> _Supplied material_:
⟨

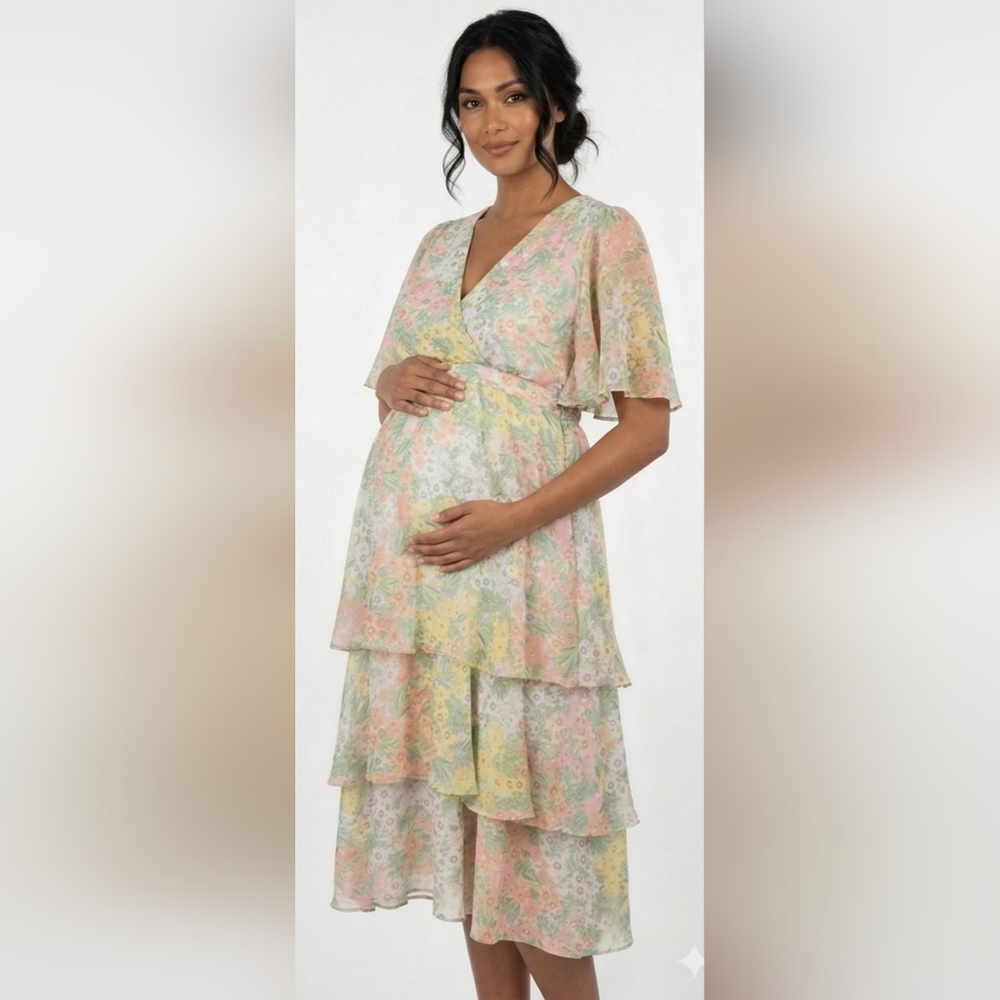 Motherhood Maternity Floral Layered Dress Size L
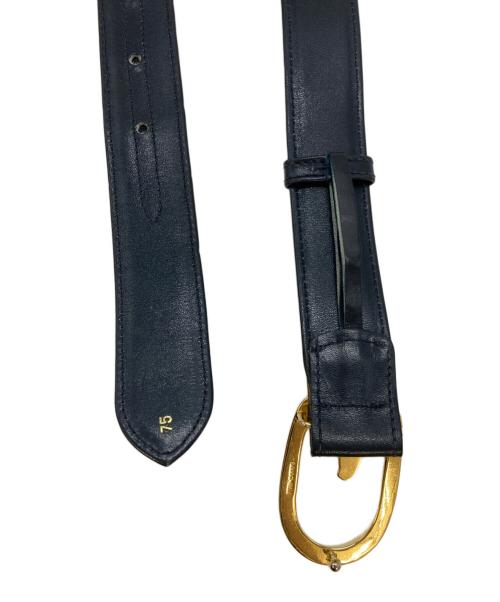 GUCCI（グッチ）GUCCI (グッチ) ホースGバックルレザーベルト ネイビー サイズ:実寸参照の古着・服飾アイテム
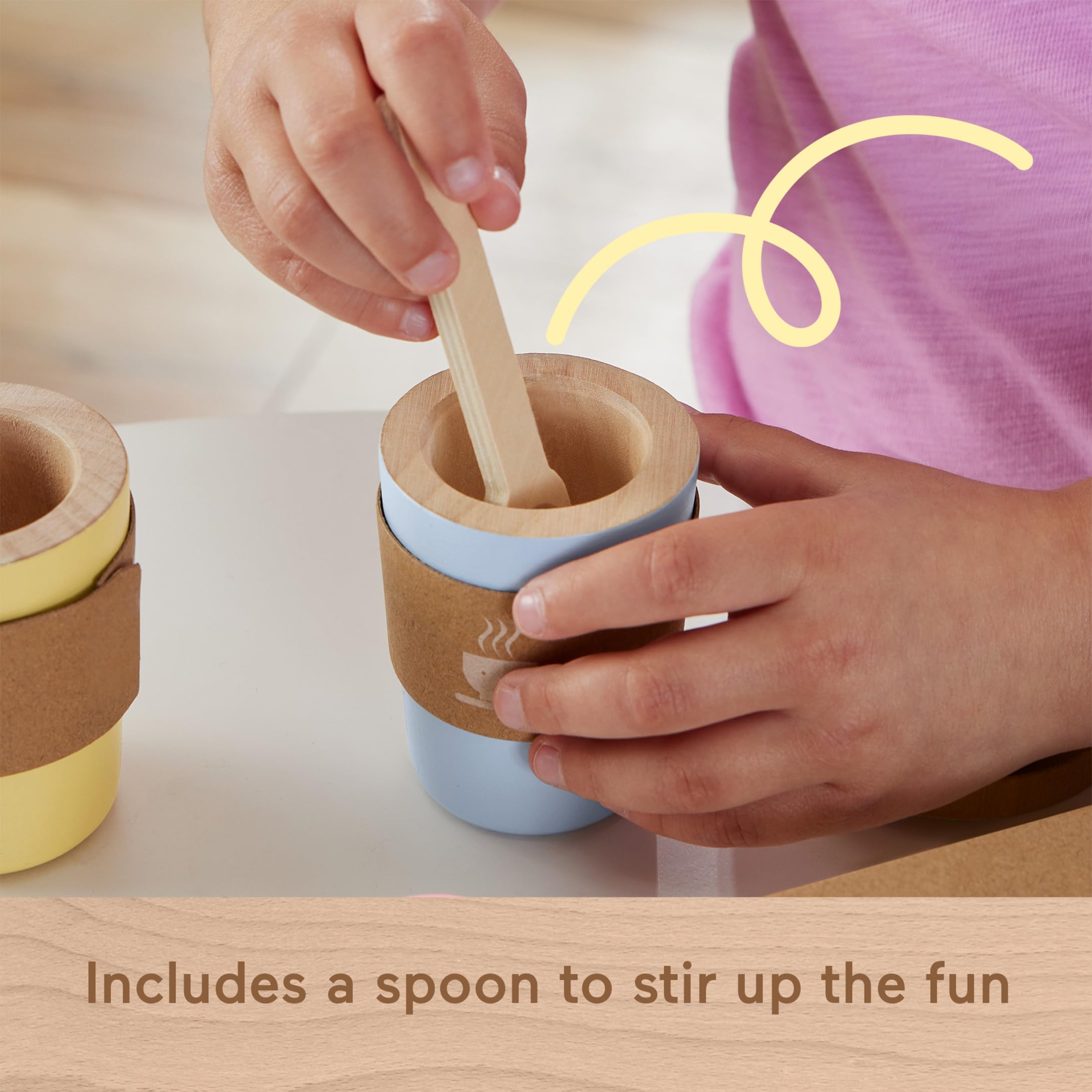 Fisher-Price wood cup carrier caddy keeps cups organized during play.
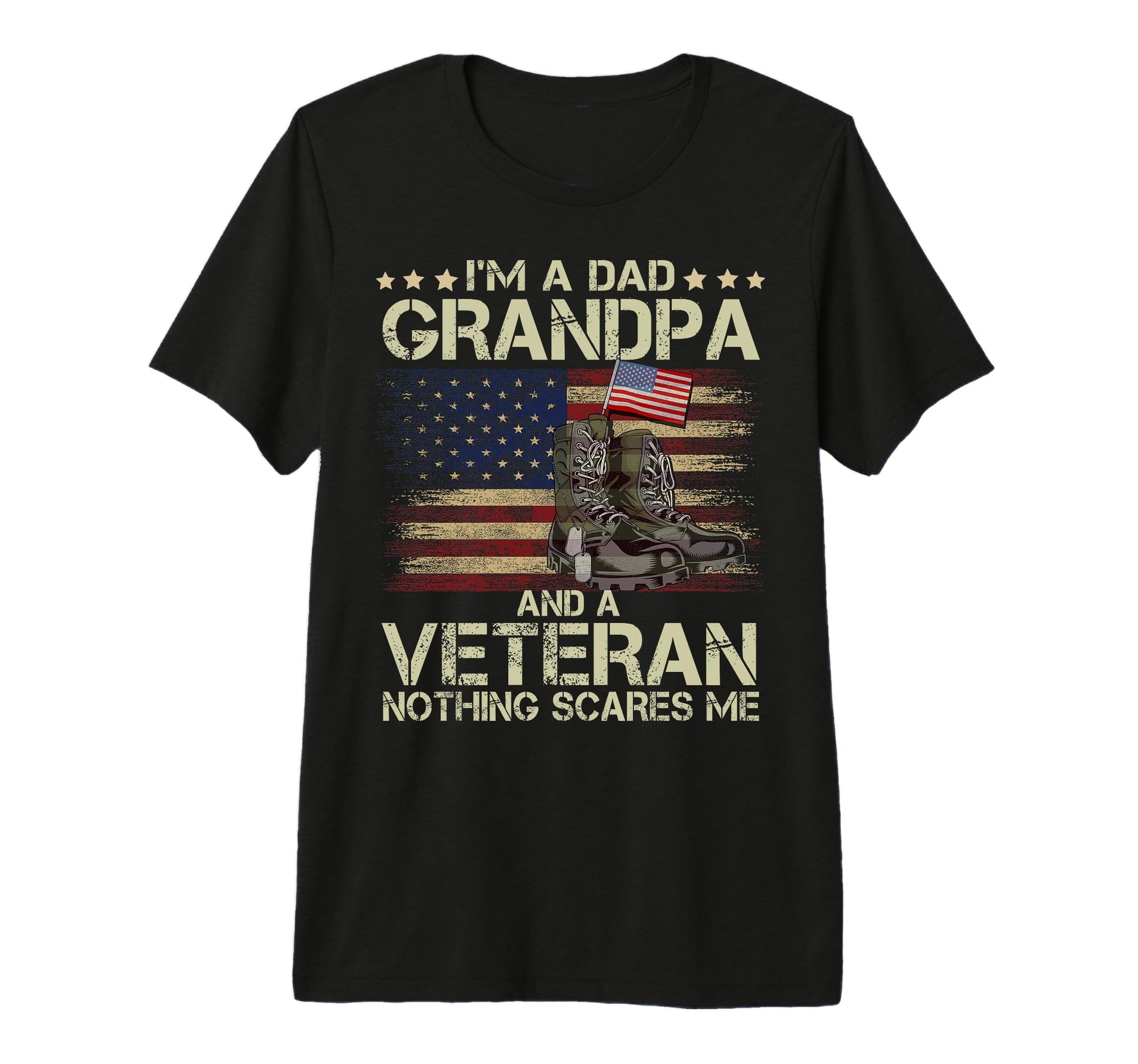 Mens Dad Grandpa And Veteran Nothing T-Shirt - Custom Art Print Men Women - T-Shirt, Sweatshirt, Hoodie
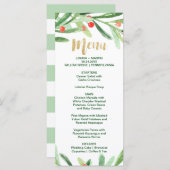 Carte menu du dîner de Noël Holly Wreath (Devant / Derrière)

⟩

Extract, word for word, every line from the one containing "Fisher-Price wood cup" to the end of the data above, both ends included, and leave out the pictures.

> _Solution to this exercise_:
 Fisher-Price wood cup carrier caddy keeps cups organized during play.
 Mens Dad Grandpa And Veteran Nothing T-Shirt - Custom Art Print Men Women - T-Shirt, Sweatshirt, Hoodie
 Carte menu du dîner de Noël Holly Wreath (Devant / Derrière)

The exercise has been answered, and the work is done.